WORK INSTRUCTIONS ▸
Any pictures in the records below must be left out when you repeat the lines from the line containing "Vit blus - Så" through the line containing "Propiedades en venta" exactly.

── RECORDS SUPPLIED

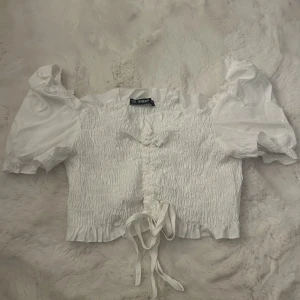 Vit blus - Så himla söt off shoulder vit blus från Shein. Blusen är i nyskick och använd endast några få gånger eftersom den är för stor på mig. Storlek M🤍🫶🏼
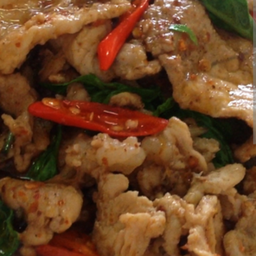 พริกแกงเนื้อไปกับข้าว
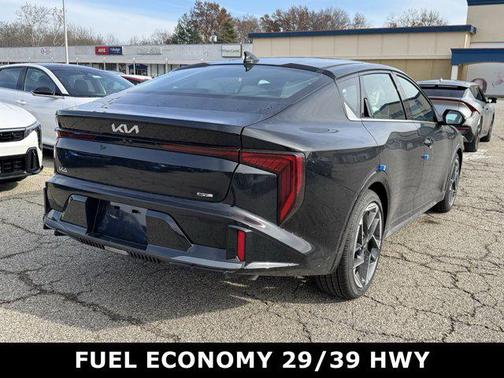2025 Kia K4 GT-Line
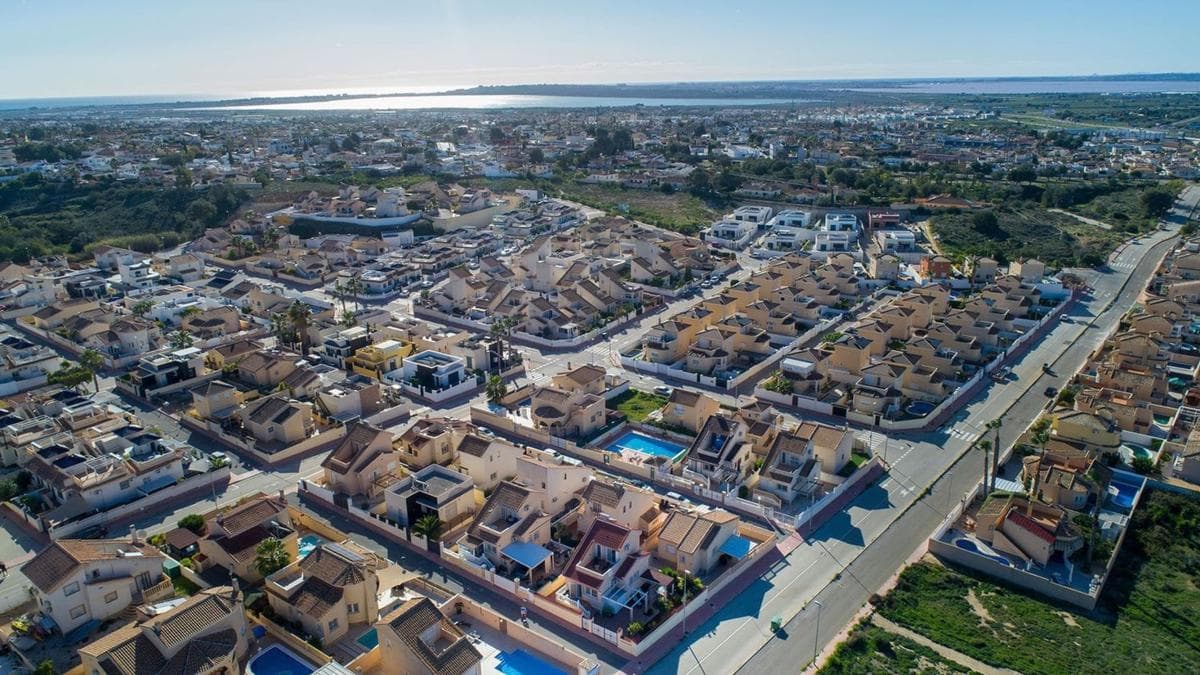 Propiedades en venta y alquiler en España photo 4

────
── RECORDS SUPPLIED

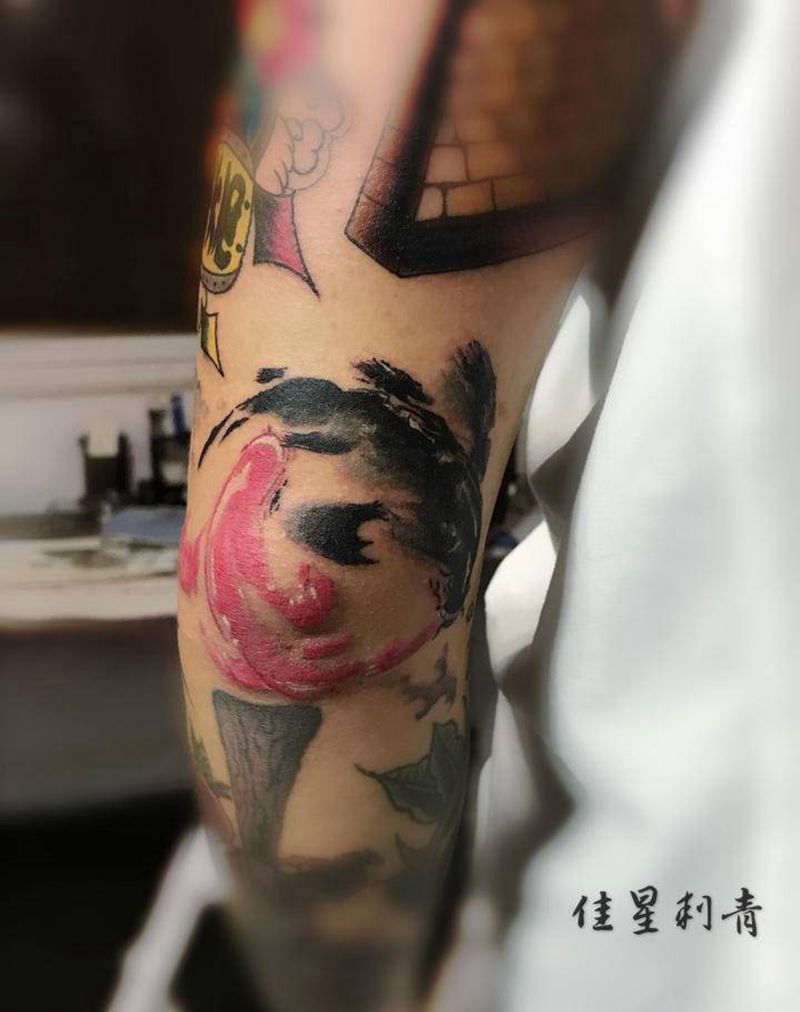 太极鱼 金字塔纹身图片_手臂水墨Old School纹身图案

────
── RECORDS SUPPLIED

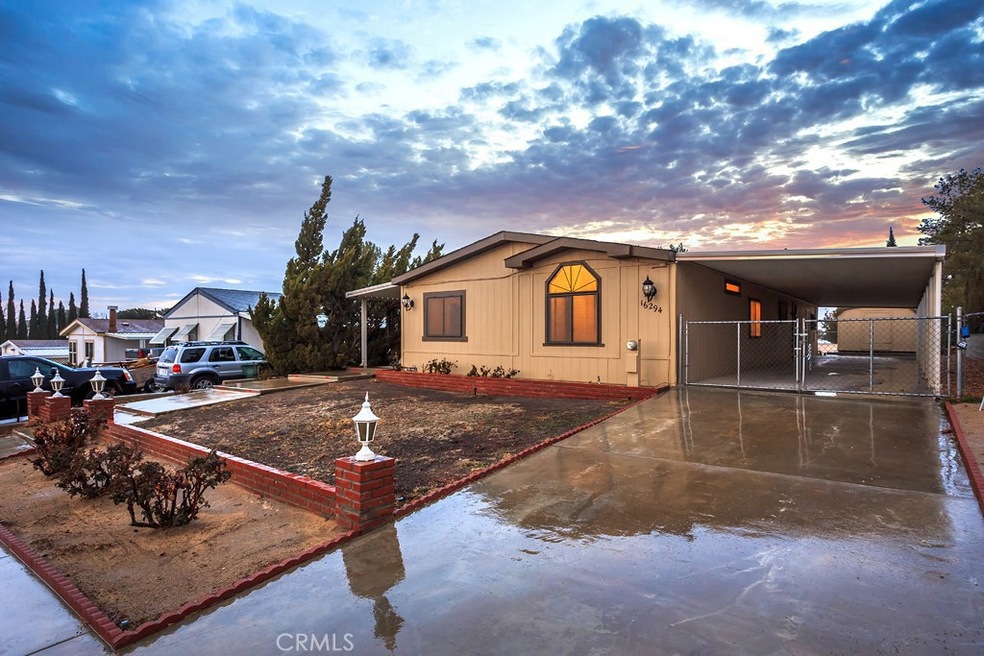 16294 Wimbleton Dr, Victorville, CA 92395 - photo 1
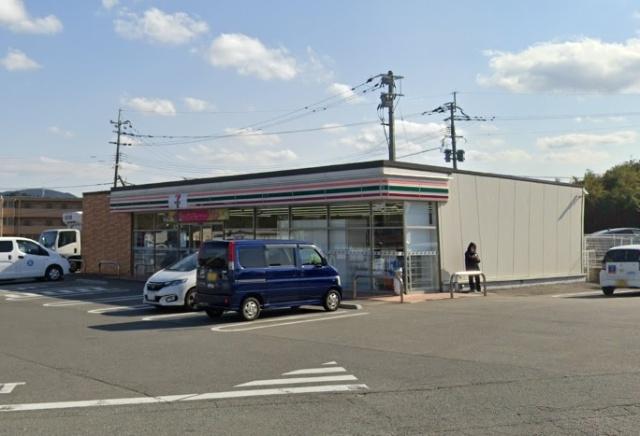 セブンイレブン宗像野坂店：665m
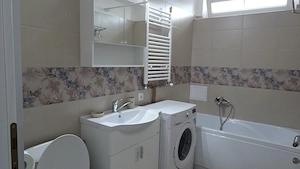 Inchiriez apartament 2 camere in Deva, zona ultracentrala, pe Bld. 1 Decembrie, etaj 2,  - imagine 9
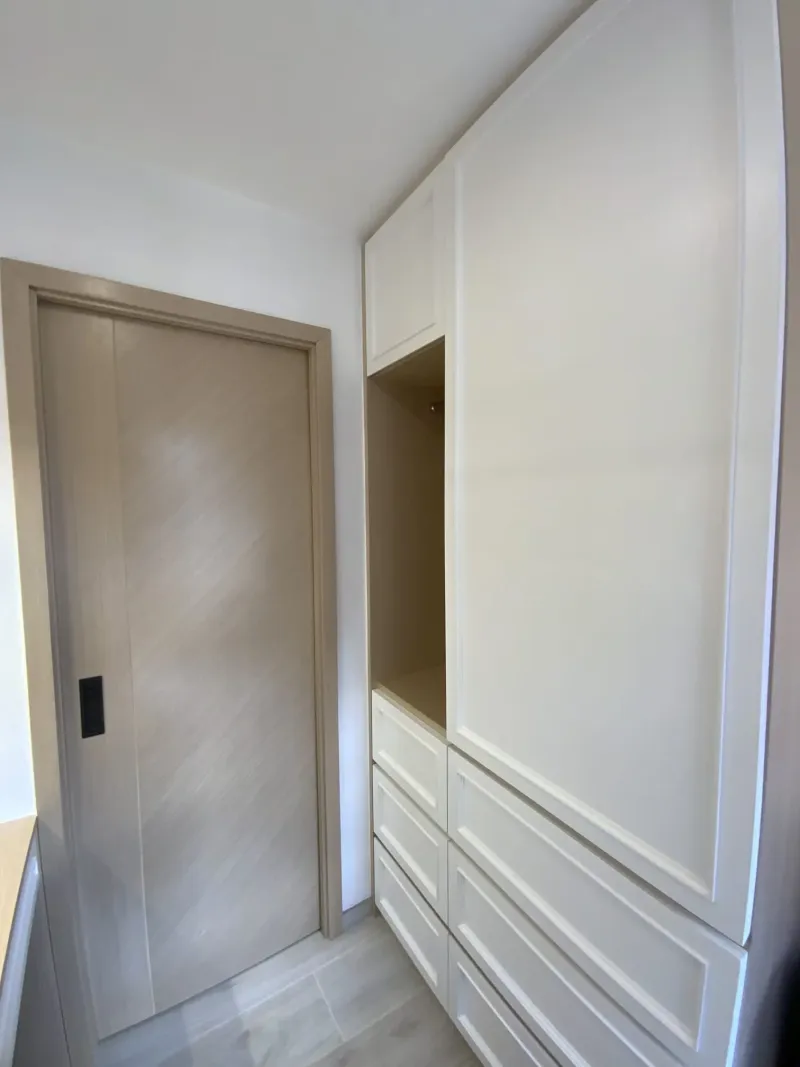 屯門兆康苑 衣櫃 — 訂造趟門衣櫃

────

SOLUTION TO THIS PROBLEM ▸
 Vit blus - Så himla söt off shoulder vit blus från Shein. Blusen är i nyskick och använd endast några få gånger eftersom den är för stor på mig. Storlek M🤍🫶🏼
 พริกแกงเนื้อไปกับข้าว
2025 Kia K4 GT-Line
 Propiedades en venta y alquiler en España photo 4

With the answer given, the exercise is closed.